7.07.2006

China, Bishops, and Concordats

So I'm going to go out on a limb and claim that you'll read it here first: I'd put money down that within the next 10-20 years, China and the Vatican will have ended their current political jostling ("le Ping-Pong", as Henri Tincq of Le Monde put it) in a quite remarkable way: some sort of formal concordat giving Catholicism an official, if not the only official, status in China.

The Vatican has been all about China lately: the controversial elevation to the purple of Joseph Zen Ze-kiun of Hong Kong, continuing difficulties about the appointment of bishops, a secret Vatican delegation that was in town last week, having undisclosed conversations with undisclosed participants. So, with not other qualifications than knowledge of the same history Ratzinger knows, what are they talking about?
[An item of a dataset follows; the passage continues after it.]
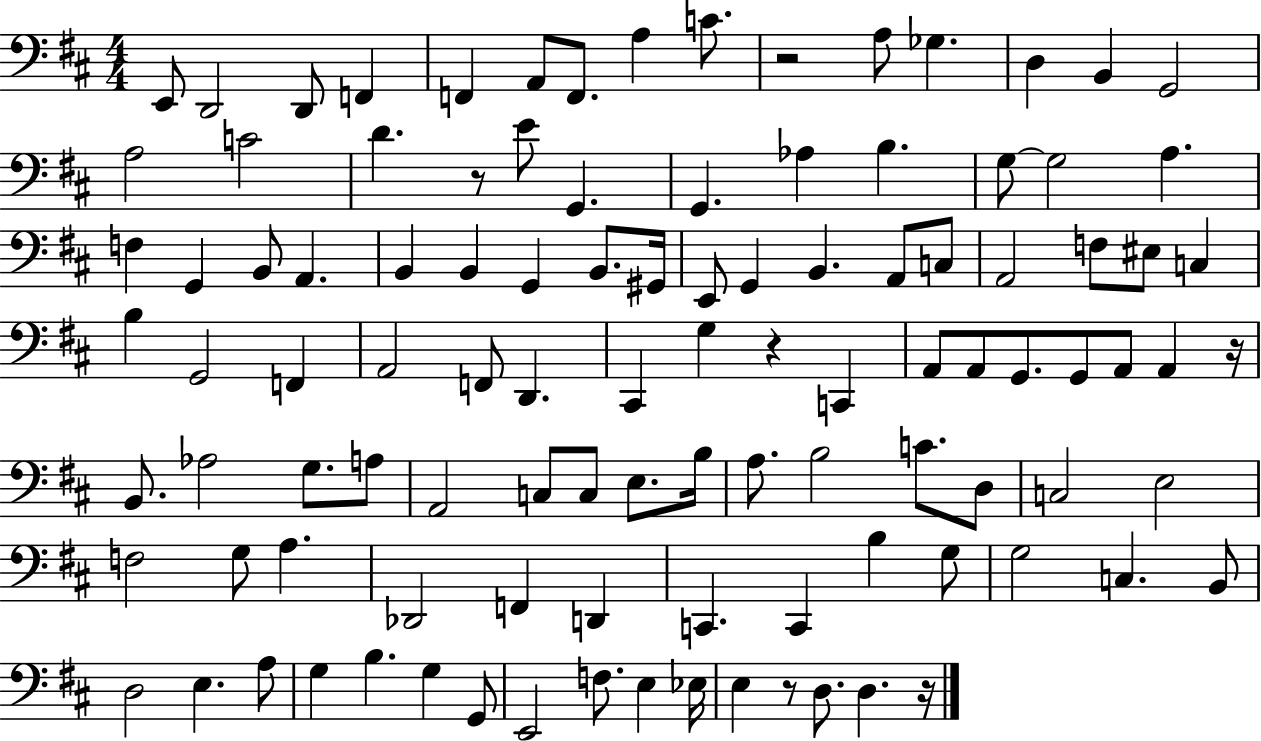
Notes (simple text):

E2/e D2/h D2/e F2/q F2/q A2/e F2/e. A3/q C4/e. R/h A3/e Gb3/q. D3/q B2/q G2/h A3/h C4/h D4/q. R/e E4/e G2/q. G2/q. Ab3/q B3/q. G3/e G3/h A3/q. F3/q G2/q B2/e A2/q. B2/q B2/q G2/q B2/e. G#2/s E2/e G2/q B2/q. A2/e C3/e A2/h F3/e EIS3/e C3/q B3/q G2/h F2/q A2/h F2/e D2/q. C#2/q G3/q R/q C2/q A2/e A2/e G2/e. G2/e A2/e A2/q R/s B2/e. Ab3/h G3/e. A3/e A2/h C3/e C3/e E3/e. B3/s A3/e. B3/h C4/e. D3/e C3/h E3/h F3/h G3/e A3/q. Db2/h F2/q D2/q C2/q. C2/q B3/q G3/e G3/h C3/q. B2/e D3/h E3/q. A3/e G3/q B3/q. G3/q G2/e E2/h F3/e. E3/q Eb3/s E3/q R/e D3/e. D3/q. R/s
I'd bet that Vatican officials are giving Chinese officials a quick seminar on 11th- and 12th-century European history. Remember vaguely something about an investiture controversy from your medieval history courses? (Assuming you went to a civilized place which offered such things...) The conflict between the German emperors and the pope as to who got to name bishops and "invest" them with their secular and ecclesiastical authority has numerous parallels with today's China situation. The issues raised continued to be a source of tension through the rise of modern nation-states, who often negotiated "concordats", formal agreements, with the pope regarding such fun issues as who got to name bishops, who got to approve bishops, who did what during their ordination ceremonies, etc. It would make much sense for China and the Vatican to normalize the situation of Chinese Catholics by producing a concordat in which both parties can save face and maintain some sense of control over the Catholic Church in China. Ratzinger knows his medieval history pretty darn well.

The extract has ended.